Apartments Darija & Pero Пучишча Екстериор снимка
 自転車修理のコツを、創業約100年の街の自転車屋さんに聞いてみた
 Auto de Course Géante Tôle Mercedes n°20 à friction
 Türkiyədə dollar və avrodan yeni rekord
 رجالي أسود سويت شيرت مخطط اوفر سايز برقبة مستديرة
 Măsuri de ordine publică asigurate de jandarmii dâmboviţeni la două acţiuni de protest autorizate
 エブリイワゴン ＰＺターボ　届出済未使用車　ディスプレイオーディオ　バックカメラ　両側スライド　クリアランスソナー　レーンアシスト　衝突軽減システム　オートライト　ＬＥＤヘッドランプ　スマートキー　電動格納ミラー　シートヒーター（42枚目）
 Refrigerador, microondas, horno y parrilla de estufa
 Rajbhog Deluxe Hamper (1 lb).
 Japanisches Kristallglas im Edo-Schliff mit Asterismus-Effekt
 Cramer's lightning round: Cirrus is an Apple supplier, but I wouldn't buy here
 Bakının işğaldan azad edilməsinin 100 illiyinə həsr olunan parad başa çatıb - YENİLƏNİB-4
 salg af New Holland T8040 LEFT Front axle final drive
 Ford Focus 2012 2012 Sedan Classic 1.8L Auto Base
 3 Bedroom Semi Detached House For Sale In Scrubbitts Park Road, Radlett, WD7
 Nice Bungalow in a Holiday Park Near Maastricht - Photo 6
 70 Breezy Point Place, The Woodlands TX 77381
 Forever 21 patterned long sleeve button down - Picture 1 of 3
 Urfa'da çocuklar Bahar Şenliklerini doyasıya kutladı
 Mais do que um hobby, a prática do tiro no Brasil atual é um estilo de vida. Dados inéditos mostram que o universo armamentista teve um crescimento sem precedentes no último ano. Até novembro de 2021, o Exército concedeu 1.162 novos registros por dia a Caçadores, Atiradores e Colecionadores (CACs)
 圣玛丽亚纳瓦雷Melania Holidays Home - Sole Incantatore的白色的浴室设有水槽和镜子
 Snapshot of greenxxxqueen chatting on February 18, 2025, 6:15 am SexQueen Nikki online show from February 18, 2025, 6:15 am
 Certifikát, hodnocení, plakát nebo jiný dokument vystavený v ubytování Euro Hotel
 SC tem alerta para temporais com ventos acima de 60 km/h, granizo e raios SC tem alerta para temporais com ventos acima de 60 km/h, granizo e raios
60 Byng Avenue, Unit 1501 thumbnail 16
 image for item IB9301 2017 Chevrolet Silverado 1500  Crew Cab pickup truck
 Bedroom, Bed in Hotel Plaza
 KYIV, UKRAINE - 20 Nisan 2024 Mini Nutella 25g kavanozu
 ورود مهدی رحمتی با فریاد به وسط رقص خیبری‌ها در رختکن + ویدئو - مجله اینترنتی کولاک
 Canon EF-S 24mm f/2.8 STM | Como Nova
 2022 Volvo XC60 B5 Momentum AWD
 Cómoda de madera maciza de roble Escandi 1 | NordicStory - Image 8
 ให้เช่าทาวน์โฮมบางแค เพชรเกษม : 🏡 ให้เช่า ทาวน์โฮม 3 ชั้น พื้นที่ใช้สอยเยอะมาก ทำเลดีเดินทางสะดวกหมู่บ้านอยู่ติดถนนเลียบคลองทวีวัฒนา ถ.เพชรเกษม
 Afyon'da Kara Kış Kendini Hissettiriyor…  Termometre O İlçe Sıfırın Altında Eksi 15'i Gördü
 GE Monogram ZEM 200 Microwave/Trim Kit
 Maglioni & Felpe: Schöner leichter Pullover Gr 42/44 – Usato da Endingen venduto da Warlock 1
◇ ◇ ◇
Problem statement ::
From the first entry above to the last, repeat everything exactly.

Your solution ::
Apartments Darija & Pero Пучишча Екстериор снимка
 自転車修理のコツを、創業約100年の街の自転車屋さんに聞いてみた
 Auto de Course Géante Tôle Mercedes n°20 à friction
 Türkiyədə dollar və avrodan yeni rekord
 رجالي أسود سويت شيرت مخطط اوفر سايز برقبة مستديرة
 Măsuri de ordine publică asigurate de jandarmii dâmboviţeni la două acţiuni de protest autorizate
 エブリイワゴン ＰＺターボ　届出済未使用車　ディスプレイオーディオ　バックカメラ　両側スライド　クリアランスソナー　レーンアシスト　衝突軽減システム　オートライト　ＬＥＤヘッドランプ　スマートキー　電動格納ミラー　シートヒーター（42枚目）
 Refrigerador, microondas, horno y parrilla de estufa
 Rajbhog Deluxe Hamper (1 lb).
 Japanisches Kristallglas im Edo-Schliff mit Asterismus-Effekt
 Cramer's lightning round: Cirrus is an Apple supplier, but I wouldn't buy here
 Bakının işğaldan azad edilməsinin 100 illiyinə həsr olunan parad başa çatıb - YENİLƏNİB-4
 salg af New Holland T8040 LEFT Front axle final drive
 Ford Focus 2012 2012 Sedan Classic 1.8L Auto Base
 3 Bedroom Semi Detached House For Sale In Scrubbitts Park Road, Radlett, WD7
 Nice Bungalow in a Holiday Park Near Maastricht - Photo 6
 70 Breezy Point Place, The Woodlands TX 77381
 Forever 21 patterned long sleeve button down - Picture 1 of 3
 Urfa'da çocuklar Bahar Şenliklerini doyasıya kutladı
 Mais do que um hobby, a prática do tiro no Brasil atual é um estilo de vida. Dados inéditos mostram que o universo armamentista teve um crescimento sem precedentes no último ano. Até novembro de 2021, o Exército concedeu 1.162 novos registros por dia a Caçadores, Atiradores e Colecionadores (CACs)
 圣玛丽亚纳瓦雷Melania Holidays Home - Sole Incantatore的白色的浴室设有水槽和镜子
 Snapshot of greenxxxqueen chatting on February 18, 2025, 6:15 am SexQueen Nikki online show from February 18, 2025, 6:15 am
 Certifikát, hodnocení, plakát nebo jiný dokument vystavený v ubytování Euro Hotel
 SC tem alerta para temporais com ventos acima de 60 km/h, granizo e raios SC tem alerta para temporais com ventos acima de 60 km/h, granizo e raios
60 Byng Avenue, Unit 1501 thumbnail 16
 image for item IB9301 2017 Chevrolet Silverado 1500  Crew Cab pickup truck
 Bedroom, Bed in Hotel Plaza
 KYIV, UKRAINE - 20 Nisan 2024 Mini Nutella 25g kavanozu
 ورود مهدی رحمتی با فریاد به وسط رقص خیبری‌ها در رختکن + ویدئو - مجله اینترنتی کولاک
 Canon EF-S 24mm f/2.8 STM | Como Nova
 2022 Volvo XC60 B5 Momentum AWD
 Cómoda de madera maciza de roble Escandi 1 | NordicStory - Image 8
 ให้เช่าทาวน์โฮมบางแค เพชรเกษม : 🏡 ให้เช่า ทาวน์โฮม 3 ชั้น พื้นที่ใช้สอยเยอะมาก ทำเลดีเดินทางสะดวกหมู่บ้านอยู่ติดถนนเลียบคลองทวีวัฒนา ถ.เพชรเกษม
 Afyon'da Kara Kış Kendini Hissettiriyor…  Termometre O İlçe Sıfırın Altında Eksi 15'i Gördü
 GE Monogram ZEM 200 Microwave/Trim Kit
 Maglioni & Felpe: Schöner leichter Pullover Gr 42/44 – Usato da Endingen venduto da Warlock 1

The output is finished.